From How do I calculate the MD5 checksum of a file in Python? , I wrote a script to remove the duplicate files in the folder dst_dir with md5. However, for many files(.jpg and .mp4), the md5 was not able to remove the duplicate files. I checked that the methods mentioned in Python 3 same text but different md5 hashes did not work. I suspect if might be the property file(the "modification date" etc.) that's attached to the image files that's changed.
import os
dst_dir="/"
import hashlib
directory=dst_dir;
#list of file md5
md5_list=[];
md5_file_list=[];
for root, subdirectories, files in os.walk(directory):
    
    if ".tresorit" not in root:
        for file in files:
            file_path =os.path.abspath( os.path.join(root,file) );
            print(file_path)
            # Open,close, read file and calculate MD5 on its contents 
            with open(file_path, 'rb') as file_to_check:
                # read contents of the file
                data = file_to_check.read()    
                # pipe contents of the file through
                md5_returned = hashlib.md5(data).hexdigest()
            if md5_returned not in md5_list:
                md5_list.append(md5_returned);
                md5_file_list.append(file_path);
                
            else:
                # remove duplicate file 
                
                print(["Duplicate file", file_path, md5_returned] )
                if "-" not in file:
                    os.remove(file_path);
                    print("Duplicate file removed 01")
                else:
                    file_list_index=md5_list.index(md5_returned);
                    
                    if "-" not in md5_file_list[file_list_index]:
                        os.remove(md5_file_list[file_list_index]);
                        
                        del md5_list[file_list_index]

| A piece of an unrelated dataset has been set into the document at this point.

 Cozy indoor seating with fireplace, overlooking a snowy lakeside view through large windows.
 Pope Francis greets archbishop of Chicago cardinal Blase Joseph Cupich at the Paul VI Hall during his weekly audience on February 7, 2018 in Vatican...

                        del md5_file_list[file_list_index]
                        print("Duplicate file removed 02")
                        
                        md5_list.append(md5_returned)
                        md5_file_list.append(file_path)
                    else:
                        os.remove(file_path);
                        print("Duplicate file removed 03")
How to fix Python md5 calculation such that the same image files could be returned with the same md5 values?